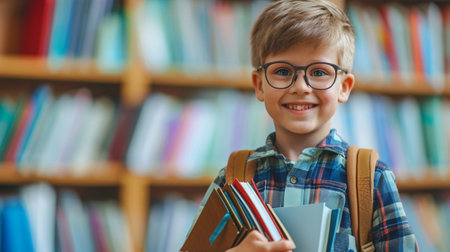 A boy with glasses and books in hand enters the classroomの素材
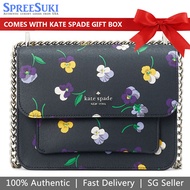 Kate Spade Handbag In Gift Box Crossbody Bag Floral Remi Flap Chain Crossbody Blazer Blue # KA793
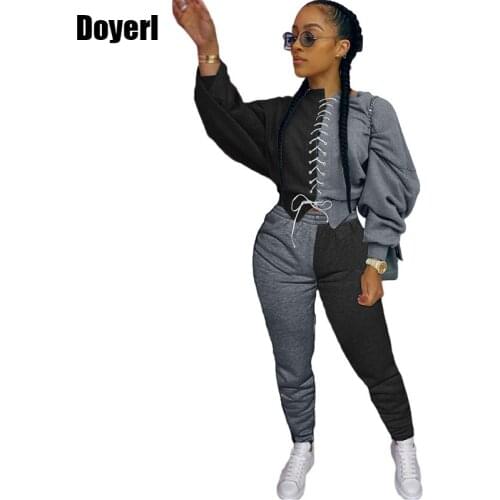 Patchwork Two Piece Tracksuits Women Set Winter Sportswear Sweatshirt Top Sweatpants Sweat Suits Women Outfit Sets Matching Sets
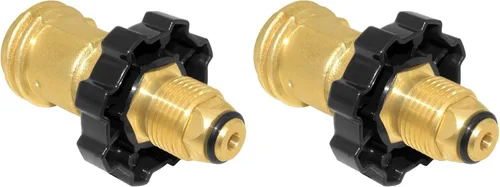 Joywayus Adaptador universal de tanque de propano que convierte POL a QCC1 / Tipo 1, dispositivo de seguridad de control de válvula de latón,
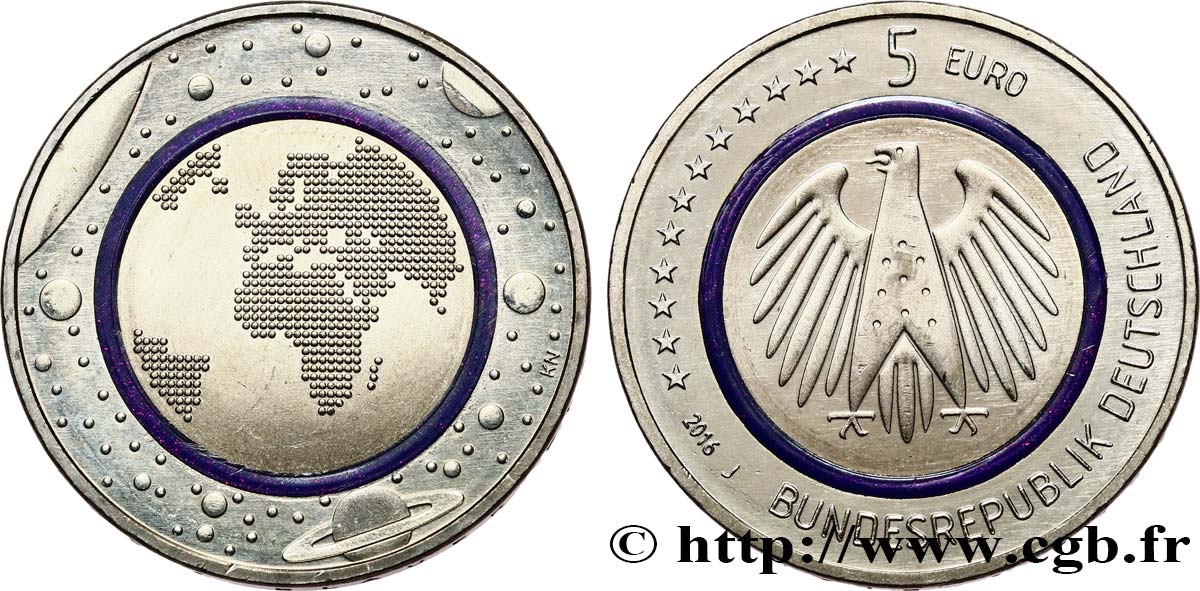 ALEMANIA 5 Euro PLANETE TERRE 2016 SC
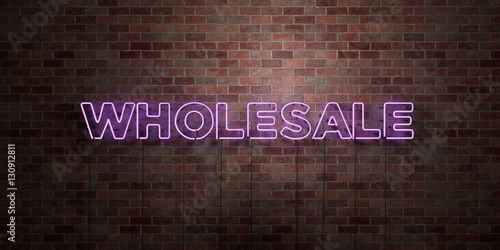 WHOLESALE - fluorescent Neon tube Sign on brickwork - Front view - 3D rendered royalty free stock picture. Can be used for online banner ads and direct mailers..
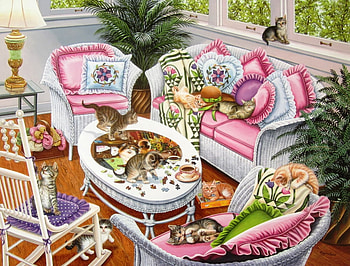 :), kitten, white, art, cute, cat, pink, pisici, painting, barbara higgins bond, pictura, terrace, sleep HD wallpaper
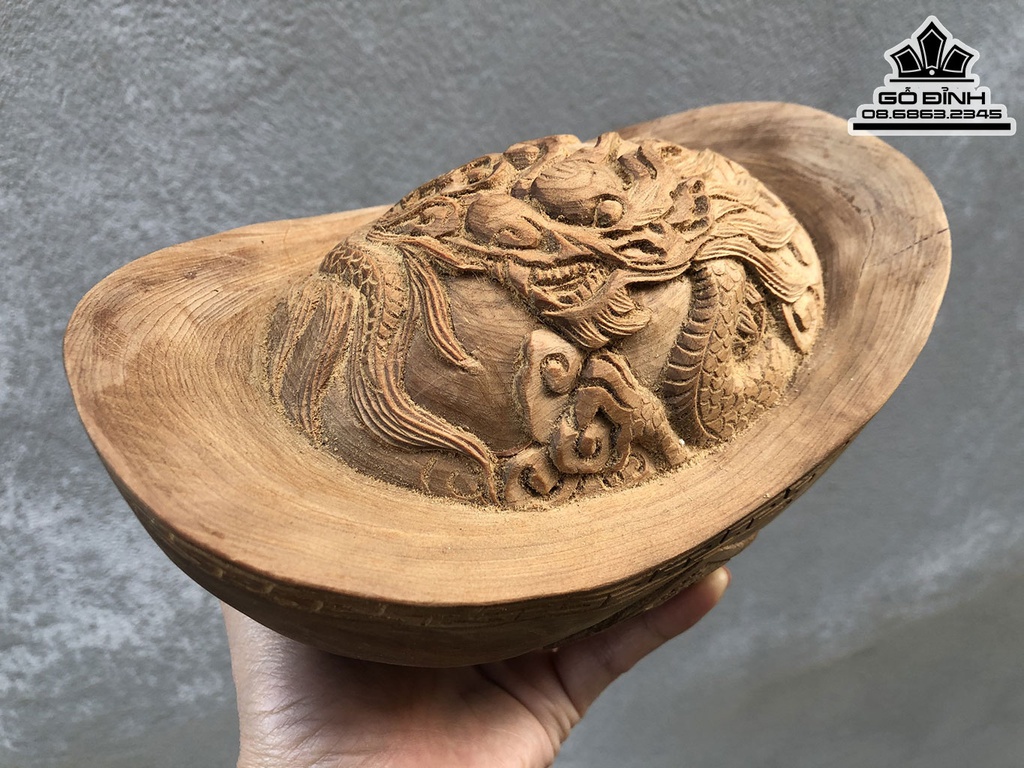 Tượng Bát Vàng Đục Rồng Gỗ Ngọc Am Cao 13 Ngang 18 Sâu 10 (cm) 1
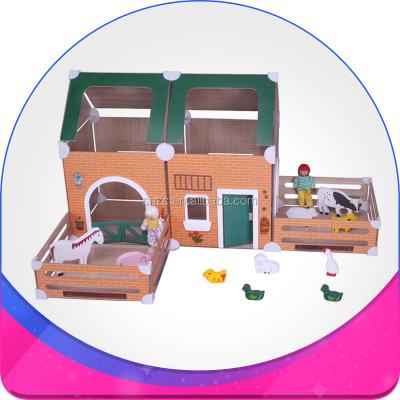 China Brick color wooden playfarm toy game set poultry farm educational design layout for sale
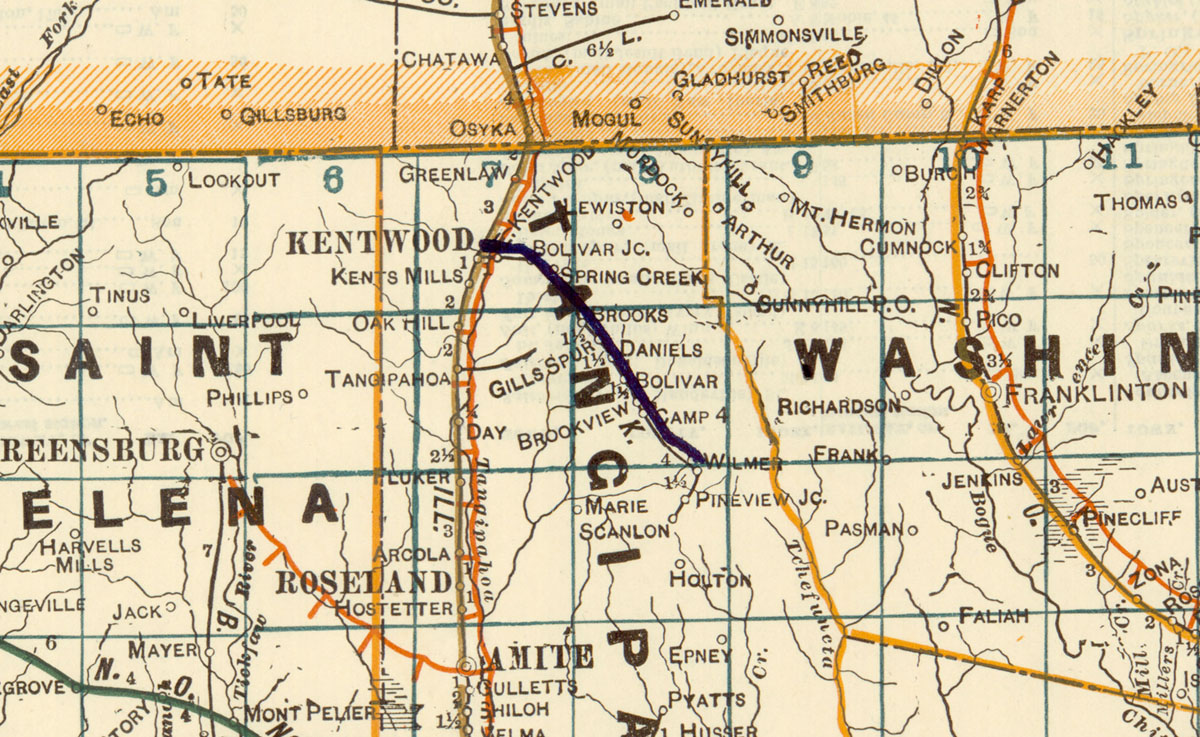 Kentwood & Eastern Railway (La.), Map Showing Route in 1922.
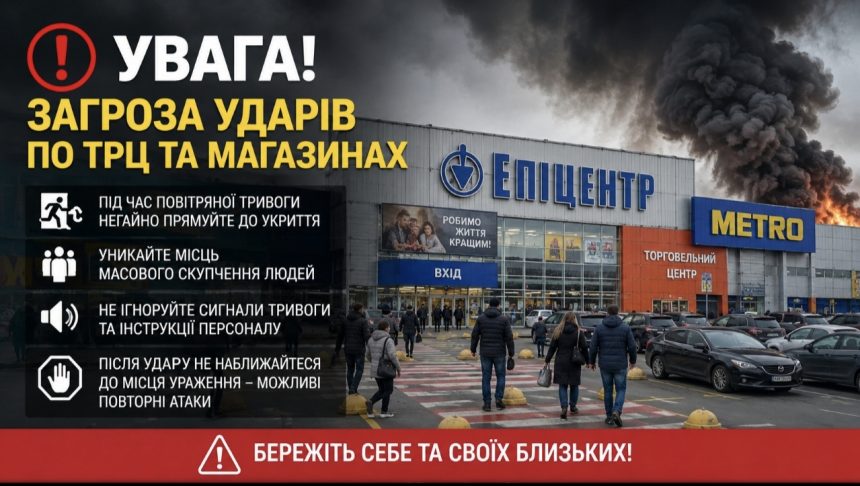 Коли росія може атакувати великі ТРЦ у Києві та що робити відвідувачам METRO і Епіцентру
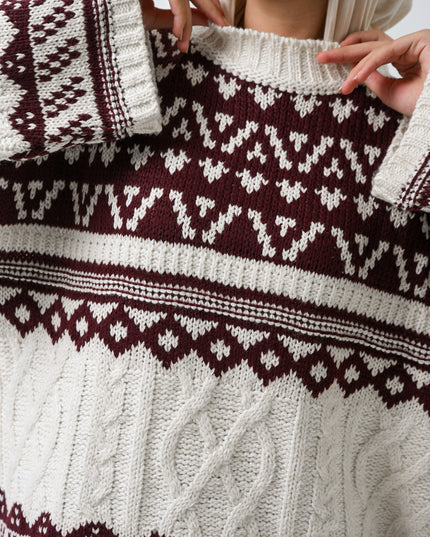 Burgundy Nordic Warmth Sweater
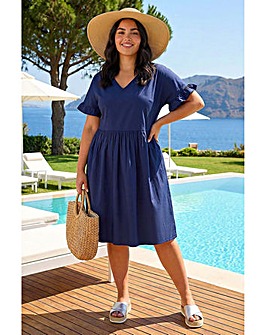 Roman Curve Cotton V-Neck Frill Dress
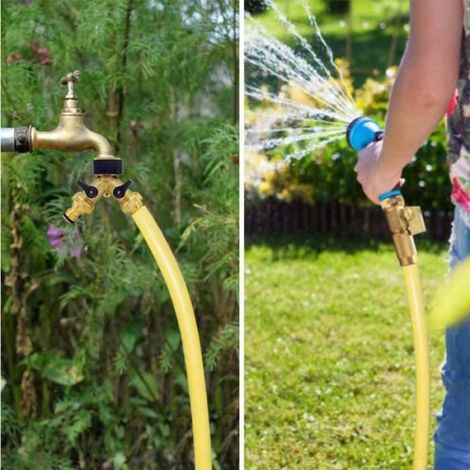 Raccord Y pour Tuyau d' arrivée d'eau ,Compatible avec Le système de connecteur de Tuyau d'arrosage 1/2 Pouce Étiquette (1/4)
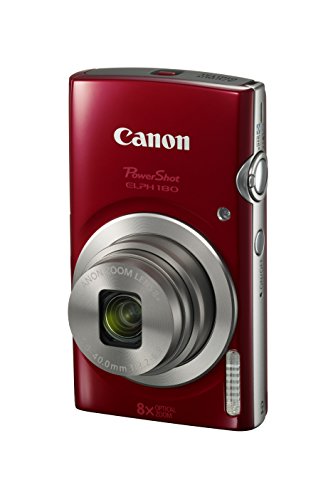 Canon كاميرا PowerShot ELPH 180 (حمراء) مع مستشعر CCD 20.0 ميجابكسل وزووم بصري 8x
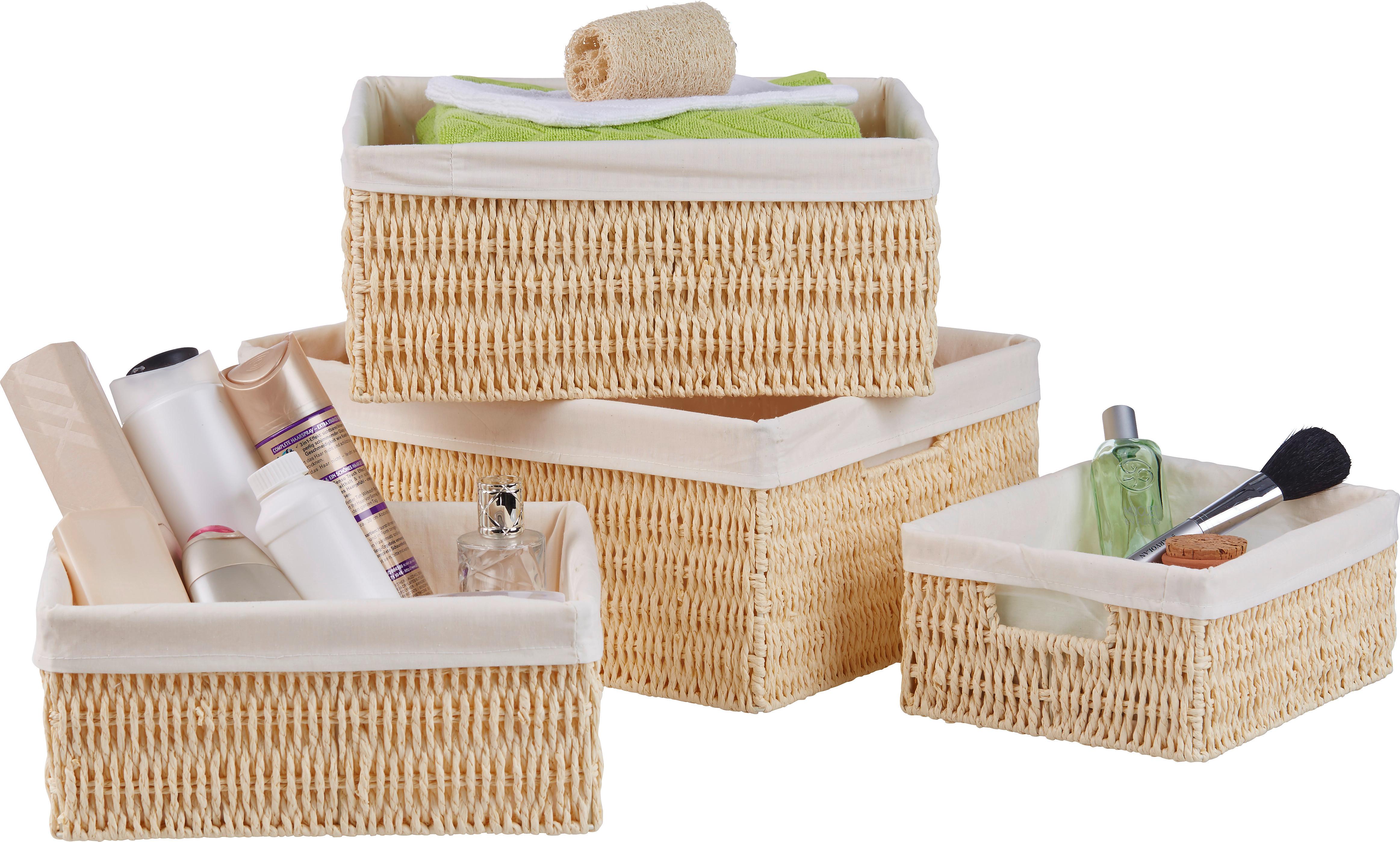 FÖRVARINGSKORG SALLY - S - vit/naturfärgad, papper/textil (24/20/10cm) - Mömax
☆ ☆ ☆ ☆ ☆
Reproduce the records above word for word, without the images.

 A boy with glasses and books in hand enters the classroomの素材
 Kate Spade Handbag In Gift Box Crossbody Bag Floral Remi Flap Chain Crossbody Blazer Blue # KA793
 Patchwork Two Piece Tracksuits Women Set Winter Sportswear Sweatshirt Top Sweatpants Sweat Suits Women Outfit Sets Matching Sets
 Joywayus Adaptador universal de tanque de propano que convierte POL a QCC1 / Tipo 1, dispositivo de seguridad de control de válvula de latón,
 ALEMANIA 5 Euro PLANETE TERRE 2016 SC
 WHOLESALE - fluorescent Neon tube Sign on brickwork - Front view - 3D rendered royalty free stock picture. Can be used for online banner ads and direct mailers..
 :), kitten, white, art, cute, cat, pink, pisici, painting, barbara higgins bond, pictura, terrace, sleep HD wallpaper
 Tượng Bát Vàng Đục Rồng Gỗ Ngọc Am Cao 13 Ngang 18 Sâu 10 (cm) 1
 China Brick color wooden playfarm toy game set poultry farm educational design layout for sale
 Kentwood & Eastern Railway (La.), Map Showing Route in 1922.
 Коли росія може атакувати великі ТРЦ у Києві та що робити відвідувачам METRO і Епіцентру
 Burgundy Nordic Warmth Sweater
 Roman Curve Cotton V-Neck Frill Dress
 Raccord Y pour Tuyau d' arrivée d'eau ,Compatible avec Le système de connecteur de Tuyau d'arrosage 1/2 Pouce Étiquette (1/4)
 Canon كاميرا PowerShot ELPH 180 (حمراء) مع مستشعر CCD 20.0 ميجابكسل وزووم بصري 8x
 FÖRVARINGSKORG SALLY - S - vit/naturfärgad, papper/textil (24/20/10cm) - Mömax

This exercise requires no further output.